Catholic Pope Francis is touring the Middle East, and is currently on the last a three-day visit to Turkey. The Grand Mufti of Istanbul gave the Pope a tour of Sultan Ahmet mosque, better known as the Blue Mosque, where Francis prayed with Muslims in silence.
Saturday morning, Pope Francis bowed his head and clasped his hands in two minutes of silent prayer inside the Blue Mosque, in order to show his respect for Islam and encourage stronger ties between the two faiths. The Pope has been vocal about the political and social unrest in the Middle East, the violence that plagues the region, and the roles various governments play in it. After his prayer, the Grand Mufti of Istanbul blessed the Pope’s prayer.
“May God accept it.”
Pope Francis also toured the Haghia Sofia, which was the largest Byzantine church in Constantinople before its fall in 1453, when the Muslims turned it into a mosque. It is now a museum honoring the history of Istanbul.
Although the visit to the Middle East by Pope Francis has been largely symbolic, he has made words about the unrest there. Al Jazeera reports that Francis met with Turkish leaders on Friday, urging them to condemn the violence being committed in Islam’s name against religious minorities in other parts of the Middle East (namely Iraq and Syria). He also called for greater dialogue between people of Christian, Muslim, and all faiths in order to end fundamentalism.
The Jerusalem Post cited the Pope Francis visit to the Middle East a call to end the killing of Christians in Syria, though the majority of those being persecuted in Syria by Islamic State of Iraq and Levant (ISIL) are actually Shi’ite Muslims.
In a speech at the beginning of his three-day visit to Turkey on his Middle East tour, the Pope said that fighting hunger and poverty were the way to stop fundamentalist fighting and death. His speech , reported on by Reuters and Haaretz , came before his visit to the tomb of Mustafa Kemal Ataturk and his meeting with Turkish President Tayyip Erdogan.

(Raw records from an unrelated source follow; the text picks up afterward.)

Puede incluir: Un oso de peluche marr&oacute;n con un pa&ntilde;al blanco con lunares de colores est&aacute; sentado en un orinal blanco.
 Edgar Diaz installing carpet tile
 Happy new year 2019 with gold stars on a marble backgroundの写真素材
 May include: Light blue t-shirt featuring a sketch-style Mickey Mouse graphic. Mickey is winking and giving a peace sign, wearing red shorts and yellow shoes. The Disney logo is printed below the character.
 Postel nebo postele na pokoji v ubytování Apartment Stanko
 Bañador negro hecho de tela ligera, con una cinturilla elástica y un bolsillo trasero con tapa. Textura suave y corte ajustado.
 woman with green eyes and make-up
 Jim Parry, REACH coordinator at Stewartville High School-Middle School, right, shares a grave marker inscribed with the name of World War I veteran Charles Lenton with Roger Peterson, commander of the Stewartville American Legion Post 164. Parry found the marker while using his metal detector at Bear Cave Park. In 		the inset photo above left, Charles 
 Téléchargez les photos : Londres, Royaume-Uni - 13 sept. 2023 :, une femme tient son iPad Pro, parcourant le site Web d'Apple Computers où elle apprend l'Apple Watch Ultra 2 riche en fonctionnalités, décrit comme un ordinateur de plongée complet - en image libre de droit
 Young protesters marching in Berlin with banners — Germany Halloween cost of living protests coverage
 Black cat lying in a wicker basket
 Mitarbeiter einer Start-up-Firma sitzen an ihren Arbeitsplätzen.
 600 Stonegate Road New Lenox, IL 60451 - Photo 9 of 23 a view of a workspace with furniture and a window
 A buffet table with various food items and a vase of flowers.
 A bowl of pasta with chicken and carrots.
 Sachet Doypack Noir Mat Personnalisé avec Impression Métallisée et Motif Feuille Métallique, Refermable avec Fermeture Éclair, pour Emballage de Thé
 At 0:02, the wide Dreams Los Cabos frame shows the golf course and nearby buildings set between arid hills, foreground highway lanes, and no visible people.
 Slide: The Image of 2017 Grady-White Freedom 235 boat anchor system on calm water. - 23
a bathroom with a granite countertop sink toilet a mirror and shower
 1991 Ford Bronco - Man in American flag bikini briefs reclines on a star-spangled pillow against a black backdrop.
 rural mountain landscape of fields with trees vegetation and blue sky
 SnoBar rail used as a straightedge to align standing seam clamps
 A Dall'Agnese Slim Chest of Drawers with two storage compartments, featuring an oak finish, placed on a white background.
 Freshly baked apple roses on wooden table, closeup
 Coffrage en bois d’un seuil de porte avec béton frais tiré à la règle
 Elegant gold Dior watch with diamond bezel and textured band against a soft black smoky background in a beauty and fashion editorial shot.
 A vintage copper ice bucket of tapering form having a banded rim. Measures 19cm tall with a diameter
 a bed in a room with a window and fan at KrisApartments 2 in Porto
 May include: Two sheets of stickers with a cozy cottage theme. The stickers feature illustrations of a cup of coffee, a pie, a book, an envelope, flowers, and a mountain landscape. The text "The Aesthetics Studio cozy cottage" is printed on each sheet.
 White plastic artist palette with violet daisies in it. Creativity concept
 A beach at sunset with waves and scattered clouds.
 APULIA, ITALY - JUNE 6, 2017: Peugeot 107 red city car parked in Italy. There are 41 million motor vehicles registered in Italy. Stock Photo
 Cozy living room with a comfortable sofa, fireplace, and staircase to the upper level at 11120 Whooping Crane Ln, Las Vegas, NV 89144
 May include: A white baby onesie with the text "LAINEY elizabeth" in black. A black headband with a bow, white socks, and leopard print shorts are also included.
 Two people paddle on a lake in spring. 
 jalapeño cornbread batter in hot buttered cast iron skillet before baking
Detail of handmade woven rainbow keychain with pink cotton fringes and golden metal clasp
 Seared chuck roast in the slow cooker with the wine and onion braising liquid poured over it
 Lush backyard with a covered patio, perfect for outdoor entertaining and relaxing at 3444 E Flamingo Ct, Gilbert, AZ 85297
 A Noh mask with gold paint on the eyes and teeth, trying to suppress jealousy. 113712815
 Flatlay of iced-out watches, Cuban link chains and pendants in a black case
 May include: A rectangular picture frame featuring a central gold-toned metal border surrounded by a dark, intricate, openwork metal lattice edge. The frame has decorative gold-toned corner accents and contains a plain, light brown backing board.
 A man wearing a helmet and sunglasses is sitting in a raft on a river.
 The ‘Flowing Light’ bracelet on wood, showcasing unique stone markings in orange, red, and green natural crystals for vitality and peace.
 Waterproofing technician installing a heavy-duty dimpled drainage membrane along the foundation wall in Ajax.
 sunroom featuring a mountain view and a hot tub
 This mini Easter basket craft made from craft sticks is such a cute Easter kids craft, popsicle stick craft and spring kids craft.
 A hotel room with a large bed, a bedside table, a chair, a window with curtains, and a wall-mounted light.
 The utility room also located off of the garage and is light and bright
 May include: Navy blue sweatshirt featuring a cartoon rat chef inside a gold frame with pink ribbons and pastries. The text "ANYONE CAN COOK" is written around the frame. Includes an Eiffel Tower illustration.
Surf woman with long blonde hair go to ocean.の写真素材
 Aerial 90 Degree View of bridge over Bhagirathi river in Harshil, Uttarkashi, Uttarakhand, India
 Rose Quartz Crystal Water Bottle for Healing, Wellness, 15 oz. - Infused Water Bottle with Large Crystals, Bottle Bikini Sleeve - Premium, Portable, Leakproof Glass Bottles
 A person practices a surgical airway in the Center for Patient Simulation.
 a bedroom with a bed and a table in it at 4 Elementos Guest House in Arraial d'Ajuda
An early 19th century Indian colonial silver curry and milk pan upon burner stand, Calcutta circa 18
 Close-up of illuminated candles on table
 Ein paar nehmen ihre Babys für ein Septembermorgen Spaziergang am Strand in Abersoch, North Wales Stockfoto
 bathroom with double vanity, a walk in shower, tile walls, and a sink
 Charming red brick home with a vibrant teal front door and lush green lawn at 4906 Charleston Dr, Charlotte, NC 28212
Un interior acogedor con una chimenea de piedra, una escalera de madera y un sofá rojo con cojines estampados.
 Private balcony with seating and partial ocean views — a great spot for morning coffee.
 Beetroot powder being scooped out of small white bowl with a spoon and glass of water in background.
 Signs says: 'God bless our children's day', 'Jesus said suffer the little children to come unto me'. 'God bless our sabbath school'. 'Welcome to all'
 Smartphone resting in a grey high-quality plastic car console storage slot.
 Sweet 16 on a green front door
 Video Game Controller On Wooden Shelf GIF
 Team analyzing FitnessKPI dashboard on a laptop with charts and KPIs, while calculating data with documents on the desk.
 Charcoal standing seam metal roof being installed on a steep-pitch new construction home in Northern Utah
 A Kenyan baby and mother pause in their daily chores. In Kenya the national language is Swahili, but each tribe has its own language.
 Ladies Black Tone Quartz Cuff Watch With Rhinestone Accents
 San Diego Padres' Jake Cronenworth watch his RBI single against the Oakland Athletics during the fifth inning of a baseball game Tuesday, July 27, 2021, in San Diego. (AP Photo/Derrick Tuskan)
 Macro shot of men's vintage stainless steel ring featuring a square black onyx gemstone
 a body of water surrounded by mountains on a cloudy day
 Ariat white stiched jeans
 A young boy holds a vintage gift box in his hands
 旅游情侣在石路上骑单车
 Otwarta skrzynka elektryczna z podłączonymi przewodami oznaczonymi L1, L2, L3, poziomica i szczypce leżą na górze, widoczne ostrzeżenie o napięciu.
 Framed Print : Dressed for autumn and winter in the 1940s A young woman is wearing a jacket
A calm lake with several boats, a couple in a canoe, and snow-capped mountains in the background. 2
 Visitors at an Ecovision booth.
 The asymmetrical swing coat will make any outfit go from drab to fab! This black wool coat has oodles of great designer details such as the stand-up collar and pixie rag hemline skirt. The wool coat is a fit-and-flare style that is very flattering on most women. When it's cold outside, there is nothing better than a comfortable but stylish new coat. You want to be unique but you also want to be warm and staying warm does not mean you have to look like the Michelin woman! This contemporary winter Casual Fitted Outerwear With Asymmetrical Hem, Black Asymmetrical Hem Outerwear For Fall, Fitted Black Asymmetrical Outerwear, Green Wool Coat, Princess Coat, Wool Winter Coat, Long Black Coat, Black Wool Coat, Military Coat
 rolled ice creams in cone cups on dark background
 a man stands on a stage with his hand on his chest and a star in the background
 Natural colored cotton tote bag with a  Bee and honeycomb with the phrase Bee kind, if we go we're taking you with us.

“What is required is a concerted commitment on the part of all… [to] enable resources to be directed, not to weaponry, but to the other noble battles worthy of man: the fight against hunger and sickness.”
Turkey is an important part of the Middle East war going on in Syria and Iraq, giving access to the United States and its coalition to the Syrian border and taking in refugees from the nation — now numbering nearly 2 million.
We can assume that Pope Francis’ prayer in the Blue Mosque was to ask for peace in the Middle East.